Problem:
For a singular matrix A, if row space = column space, is it always true that $A = \pm A^T$
My line of thoughts:
We know A is not full rank, and A is square.
So A's columns/rows are dependent.
Let $v$ be any vector from A's row space, then there exists $x$ so that $v^Tx = 0$
And $v$ is also in column space, for same $x$, we have $x^Tv=0$
Let $v$ be every row of A, we have $Ax=0$. Same let $v$ be every column of A, we have $A^Tx=0$.

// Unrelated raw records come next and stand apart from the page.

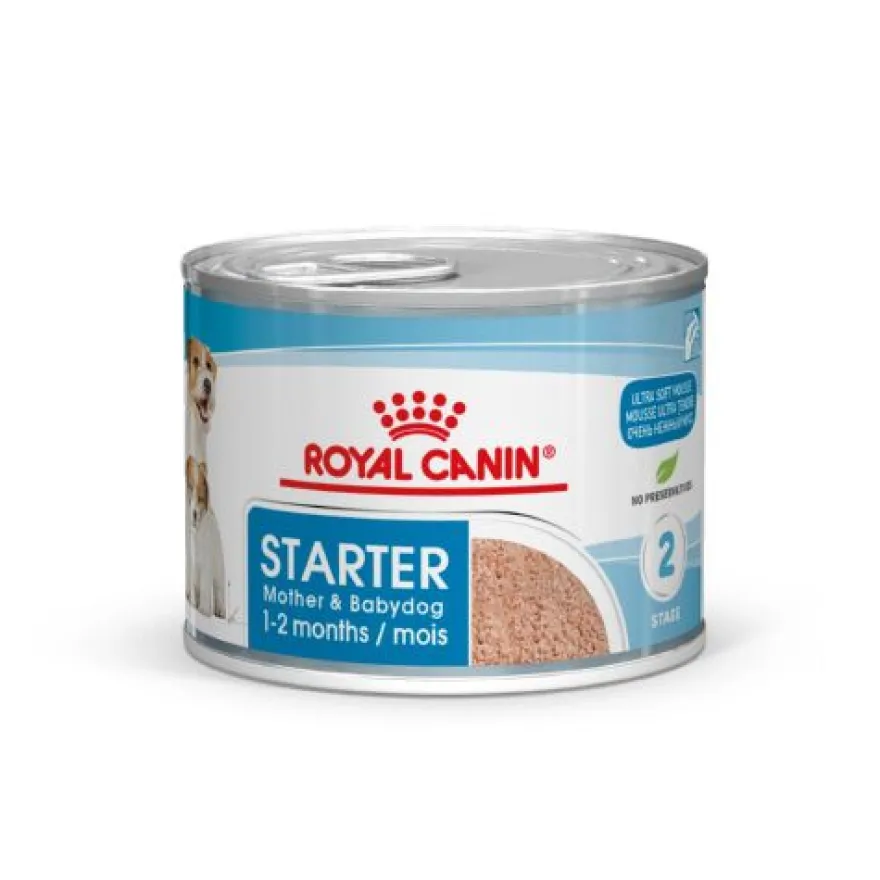 Royal Canin Starter Mommy & Baby mousse latas para cães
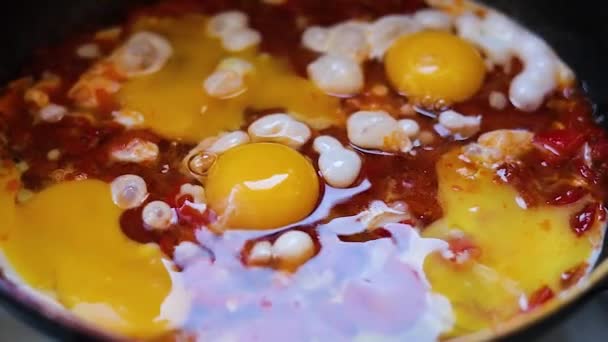 把鸡蛋和蔬菜放在一个煎锅里 放在特写镜头下煎 Shakshuka做饭健康的新鲜蔬菜 蔬菜分类 — 图库视频影像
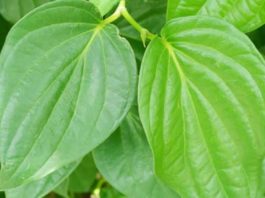 வெற்றிலை- இதற்கு ஈடில்லை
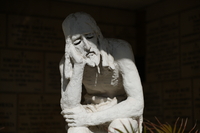 Viltrox AF 85 mm f/1.4 Pro - sample shots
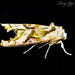 Colourful Moth by tonygig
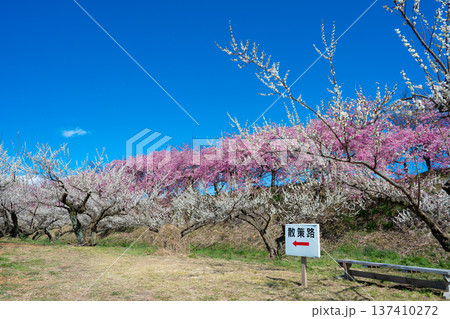 群馬・箕郷梅林の白梅と河津桜 群馬・箕郷梅林の白梅と河津桜 137410272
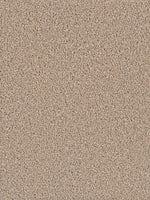 Load image into Gallery viewer, Dream Weaver EXCEPTIONAL II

\begin{cases} Ax=0 \\ A^Tx=0 \end{cases} Since A is not full rank, $x$ cannot be $0$.
To satisfy above equation for a given $x$,
$A = c \cdot A^T$ is a solution. => by transpose rules we'll find out $c = \pm 1$
Now I'm stuck.
My questions:
- Is there any other solutions to above equations?
- How should I better represent the constraint between $A$ and $A^T$. (Now I'm simply treating them as $A$ and $B$ as totally separate matrices. )
- Can you prove if the statement is true? Or give a counterexample if false.
(Working through Gilbert Strang's linear algebra section 3.6)
Take any nonsingular, non-symmetric and non-skew-symmetric matrix $B$ and let $A=\pmatrix{B\\ &0}$.